* _Assignment_: From the listing below, please restate exactly the lines beginning at the one with "unfurnished living room" and ending at the one with "Pupils from Woodston", both included, and skip the pictures.
START Materials provided
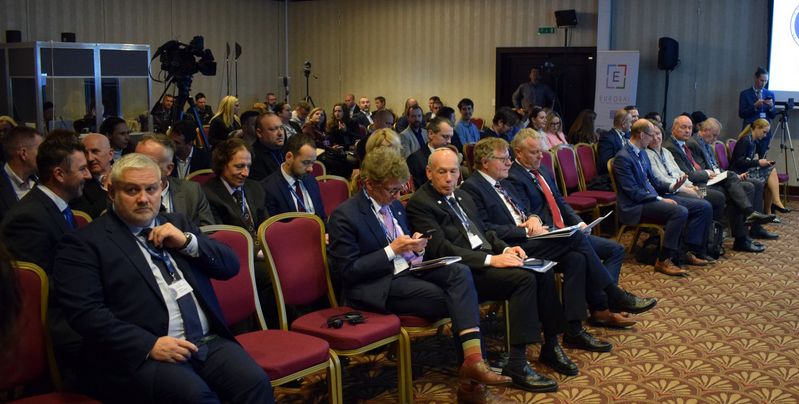 Udeleženci mednarodne konference sedijo v konferenčni dvorani in spremljajo program dogodka. Med občinstvom so predstavniki vrhovnih revizijskih institucij, državnih ustanov in drugih organizacij, v ozadju pa je vidna snemalna oprema ter pano organizacije EUROSAI.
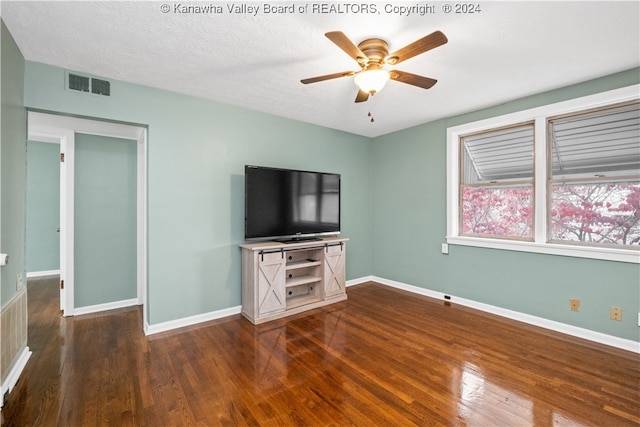 unfurnished living room with ceiling fan, a textured ceiling, and dark hardwood / wood-style flooring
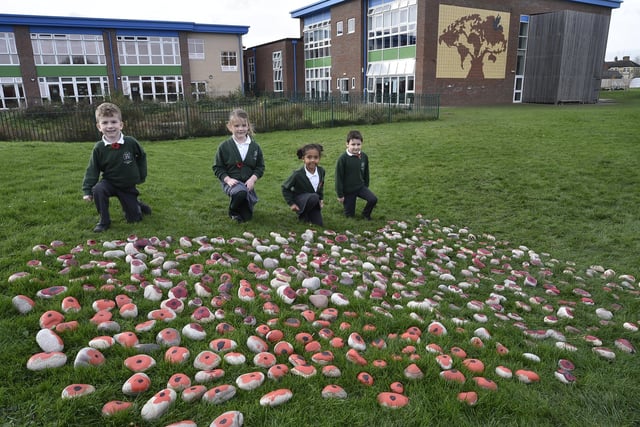 Pupils from Woodston primary school have painted and laid over 500 stones placed in the school grounds on Armistice Day. EMN-201111-131334009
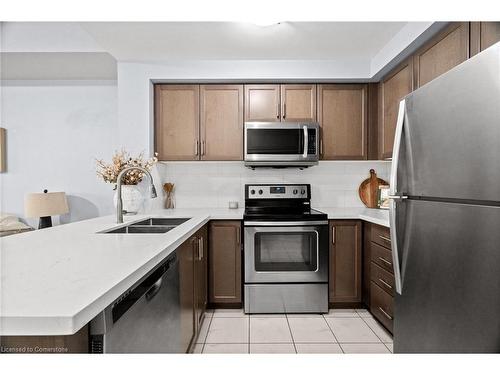 203-650 Sauve Street, Milton, ON - Indoor Photo Showing Kitchen With Stainless Steel Kitchen With Double Sink With Upgraded Kitchen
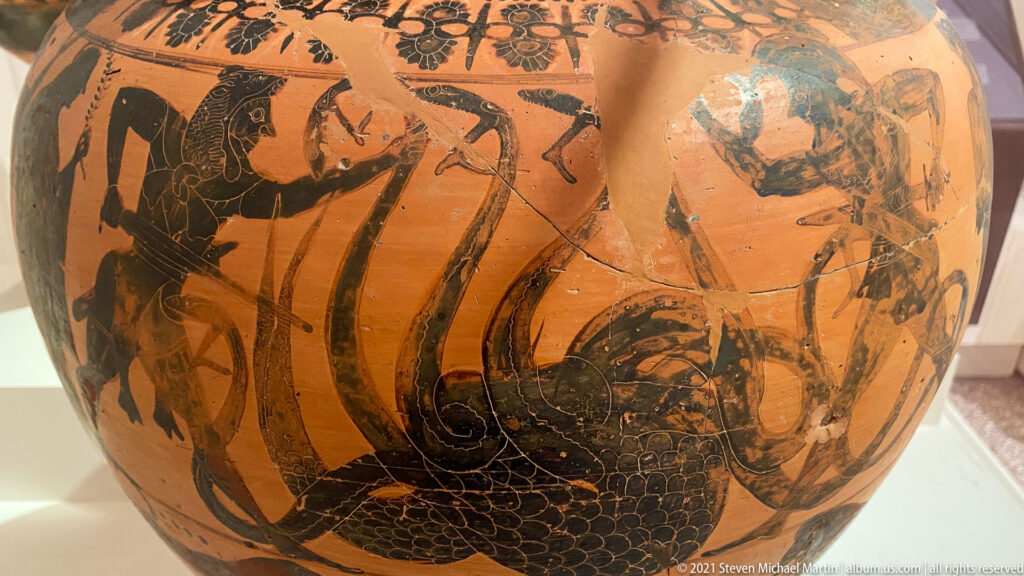 Black-figure vase with a large coiling scaled serpent or sea creature, chariot elements, and surrounding human figures.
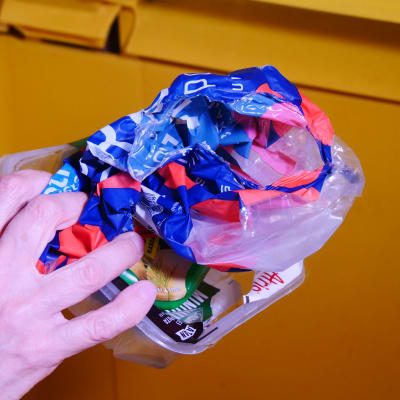 Hand som lägger plast i ett avfallskärl.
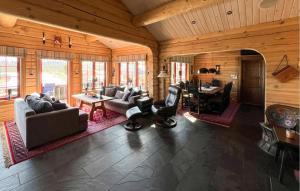 a living room filled with furniture and a dining room at Cozy Home In Trysil With Wifi in Trysil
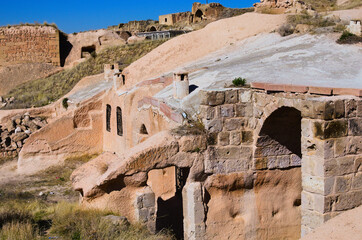 Close-up view of ruins of houses in the cave. Picturesque landscape view of ancient cavetown near Goreme in Cappadocia. Popular travel destination in Turkey. UNESCO World Heritage Site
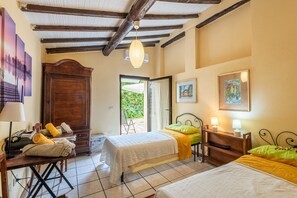 Un dormitorio con cama, escritorio, armario y puerta que da a un balcón.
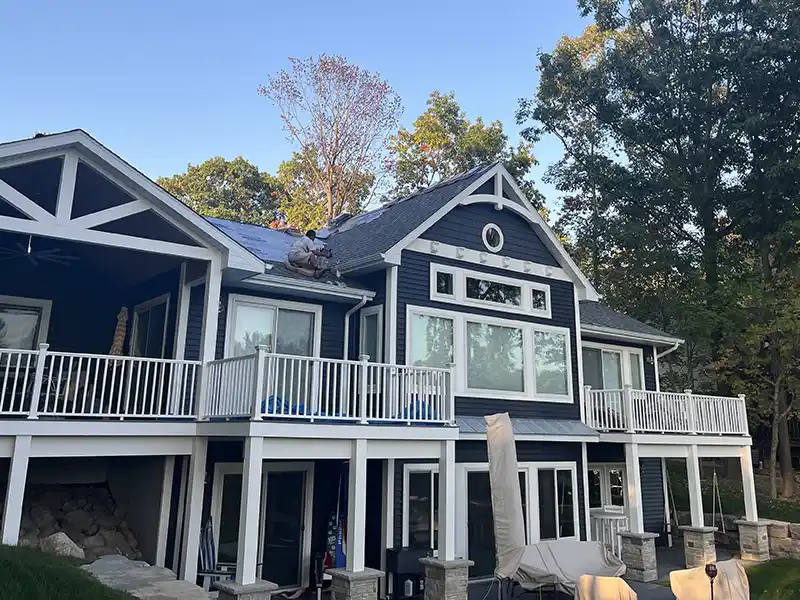Crew installing new shingles on blue home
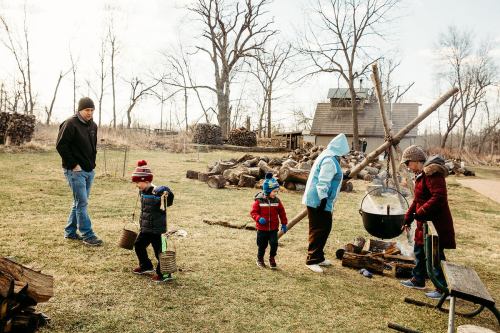 A group of children and an adult gather around a cooking pot outdoors, with firewood stacked in the background.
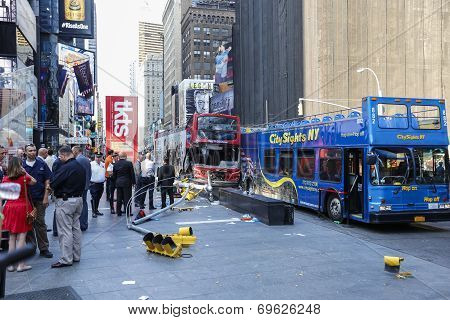 Downed streetlight, TKTS booth & buses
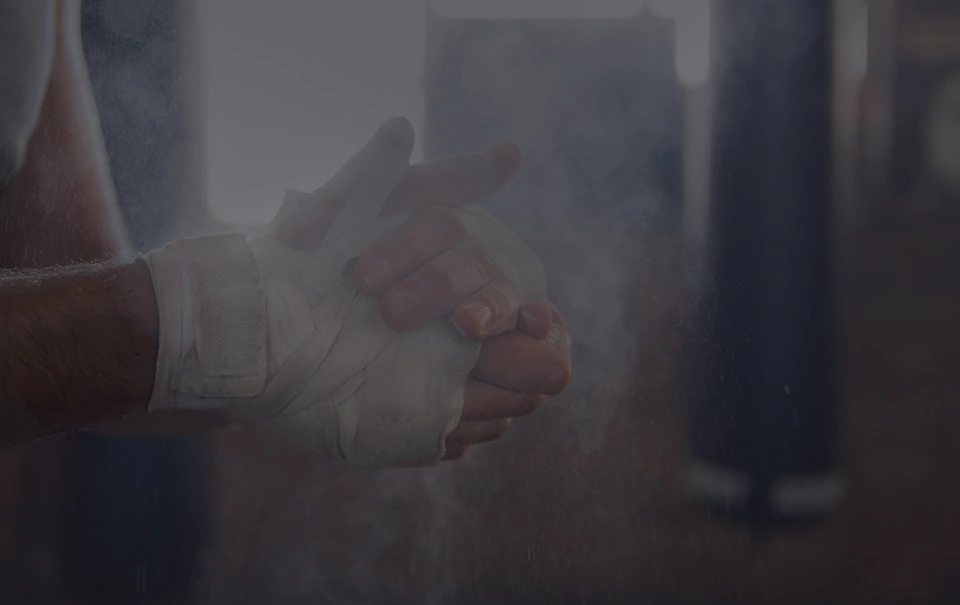 Hands being wrapped in front of a row of heavy bags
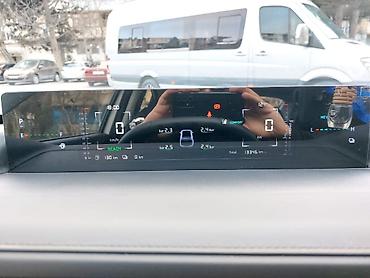 Chery: Model: Omoda A05 (sedan) Rəng: ağ Yanacaq sistemi: hibrid (benzin + — 9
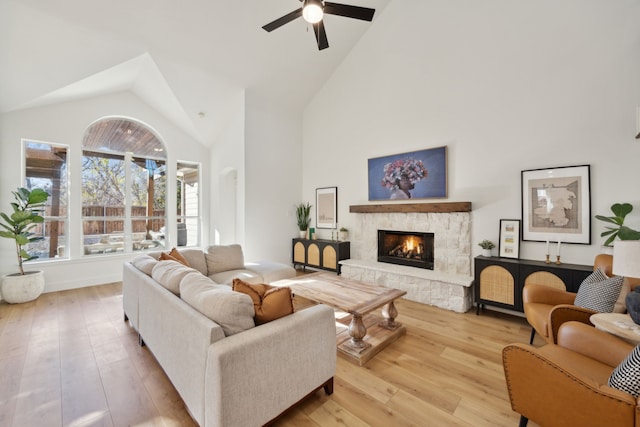 living area featuring light wood-type flooring, high vaulted ceiling, a ceiling fan, and a stone fireplace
END Materials provided
* _Task output_:
 unfurnished living room with ceiling fan, a textured ceiling, and dark hardwood / wood-style flooring
 Pupils from Woodston primary school have painted and laid over 500 stones placed in the school grounds on Armistice Day. EMN-201111-131334009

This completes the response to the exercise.